On the 17th of March 2020, hundreds of Nigerians including farmers, CSOs, community persons, lawyers, medical practitioners, students, scientists, youth and women groups led by Health of Mother Earth Foundation and the GMO-Free Nigeria Alliance marched against food products of genetically modified organisms (GMOs).

The march reached the Lagos State government secretariat with a petition demanding for a ban on GMOs, a nullification of the permits already issued for the importation and release of genetically modified maize, beans and cotton into the country and to halt illegal entry of GMOs. 

The coalition also demanded a ban of all toxic agrochemicals – especially those containing glyphosate which has been identified as a carcinogen and for a halt on the assault on our agriculture through genetic modification of our staple crops including cassava, maize and beans.
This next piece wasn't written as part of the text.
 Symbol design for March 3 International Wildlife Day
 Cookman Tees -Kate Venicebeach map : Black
Through the petition, the group urged that the Nigerian government should be circumspect about technologies that aim to contaminate our environment, destroy our agriculture, culture, rupture our socio-economic fabric and assert unbridled control over our agriculture and food. 

Speaking during the rally, Nnimmo Bassey, the Director of Health of Mother Earth Foundation stressed that Nigeria does not need GMOs, adding that they are promoted on false premises which includes that they give higher yields and are more nutritious than normal crops. Bassey explained, also that they do not use less herbicides and pesticides as many of the genetically modified crops are designed to withstand herbicides which are produced by same companies producing the seeds. He pointed out also that another main reason some crops are genetically modified (e.g. the beans that was approved by the government for commercial release in 2019) is for them to act as pesticides. These processes destroy not only target pests and weeds but beneficial microorganisms -both in the soil and in the human guts, he explained. “What we eat must not eat us” he and the people chanted.
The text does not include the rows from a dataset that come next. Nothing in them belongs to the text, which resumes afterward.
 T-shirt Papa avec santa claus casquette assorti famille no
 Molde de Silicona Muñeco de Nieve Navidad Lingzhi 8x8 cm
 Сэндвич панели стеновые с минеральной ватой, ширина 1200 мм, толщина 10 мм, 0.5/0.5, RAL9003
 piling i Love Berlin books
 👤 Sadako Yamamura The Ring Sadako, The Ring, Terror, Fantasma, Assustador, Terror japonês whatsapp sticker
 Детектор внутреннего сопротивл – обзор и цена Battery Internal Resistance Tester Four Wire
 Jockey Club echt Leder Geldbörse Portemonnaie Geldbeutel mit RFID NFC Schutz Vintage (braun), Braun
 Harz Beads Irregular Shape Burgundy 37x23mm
 Also speaking at the rally, Akinbode Oluwafemi, Deputy Director of Environmental Rights Action/Friends of the Earth Nigeria stated that Nigeria has the capacity to feed herself and that we cannot allow our food system to be overtaken by corporate control/interest. He called instead, for better support for the small holder farmers who produce natural and healthy foods.

The Secretary of the Nigerian Labour Congress (NLC) buttressed this point when he said that just as the Nigeria government is currently encouraging local contents in other sectors, local farmers should be encouraged because they provide bulk of the  food we consume, stressing that we don’t want foreign foods in the form of GMOs.
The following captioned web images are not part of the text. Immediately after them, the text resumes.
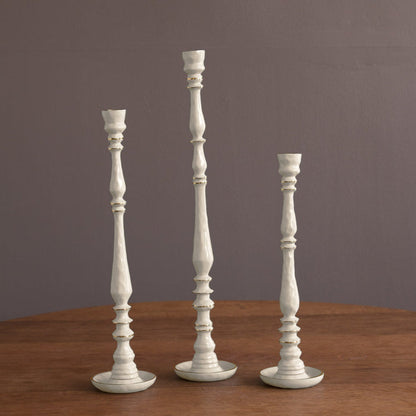 Beatriz Ball Encanto Crosby Medium Candlestick Holder — Three Crosby sizes shown together, other sizes separate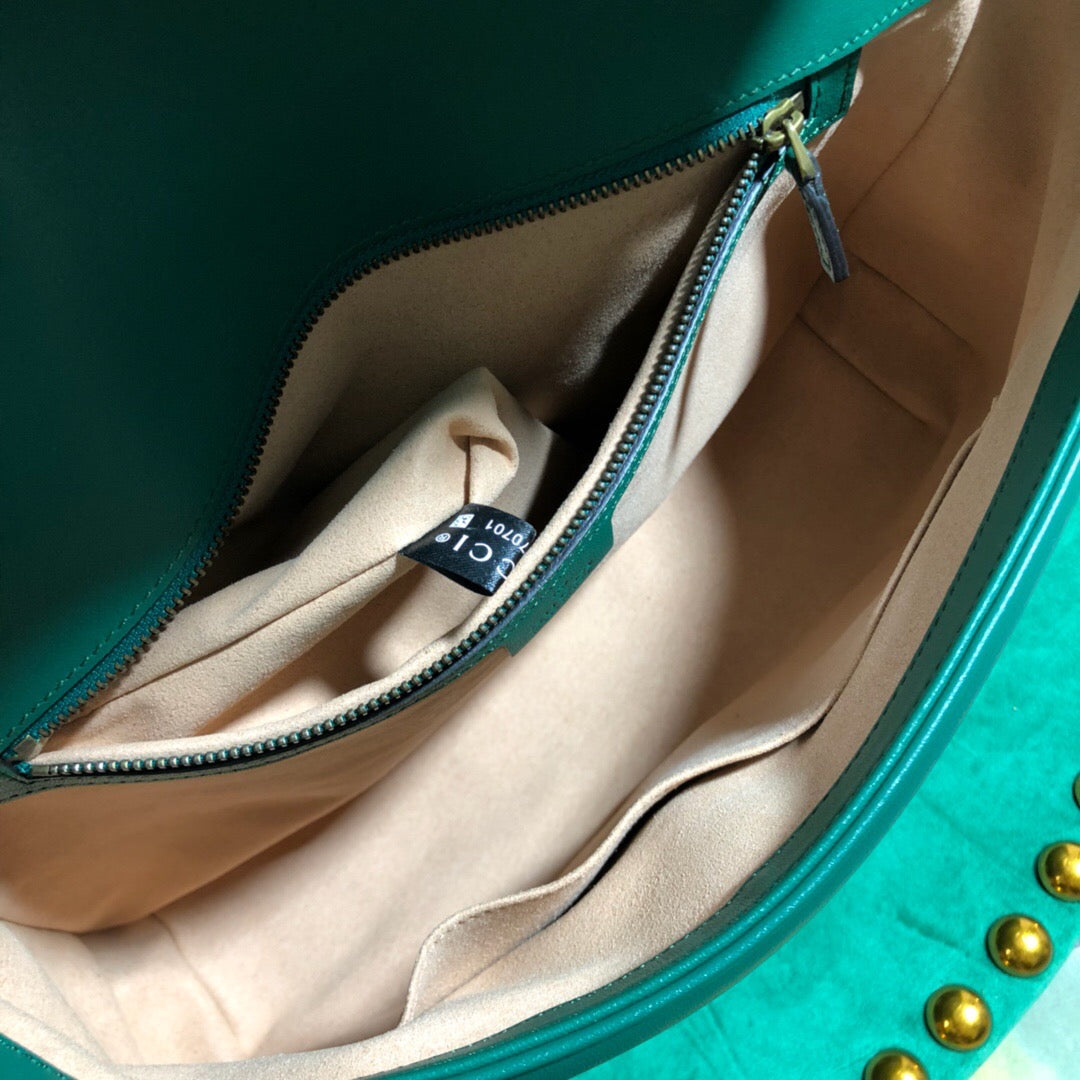 [TOP] GUCCI G*G Marmont Bag Medium 31cm- Green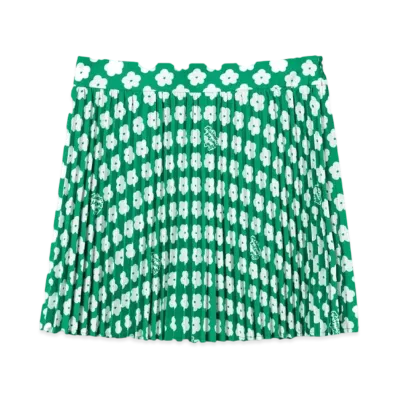 Maison Kitsune Golf Flower Print Skirt "Light Green"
One of the women leaders, Funmi Ajayi charged the Government to take up the responsibility of protecting her citizens from danger and demanded that the government should put a stop to the introduction of GMOs in Nigeria as this will cause more harm to Nigerians as well as lead to loss of livelihood for our farmers.

Joyce Ebebeinwe, a programme officer at HOMEF stressed that the introduction of GMOs violates the rights of the people to safe and healthy food as majority of people are not aware of these foods or their implications and they, including the few who are aware have no way of identifying GMOs or making a choice as to whether or not to consume them. 

The coalition was received by the Head of Public Affairs and that of Political Affairs on behalf of the Lagos State Governor at the Lagos State House of Assembly. Nnimmo Bassey while addressing the government officials noted that GMOs, in spite of the many issues surrounding them are continuously been introduced into the country by the very permissive National Biosafety Management Agency and through illegal imports as seen by a market shelf survey (see report: https://homef.org/wp-content/uploads/2019/01/Report-on-Market-Shelves-Survey-for-GM-Food-Products-2018-web.pdf ) conducted by Health of Mother Earth Foundation in 2018 and 2019.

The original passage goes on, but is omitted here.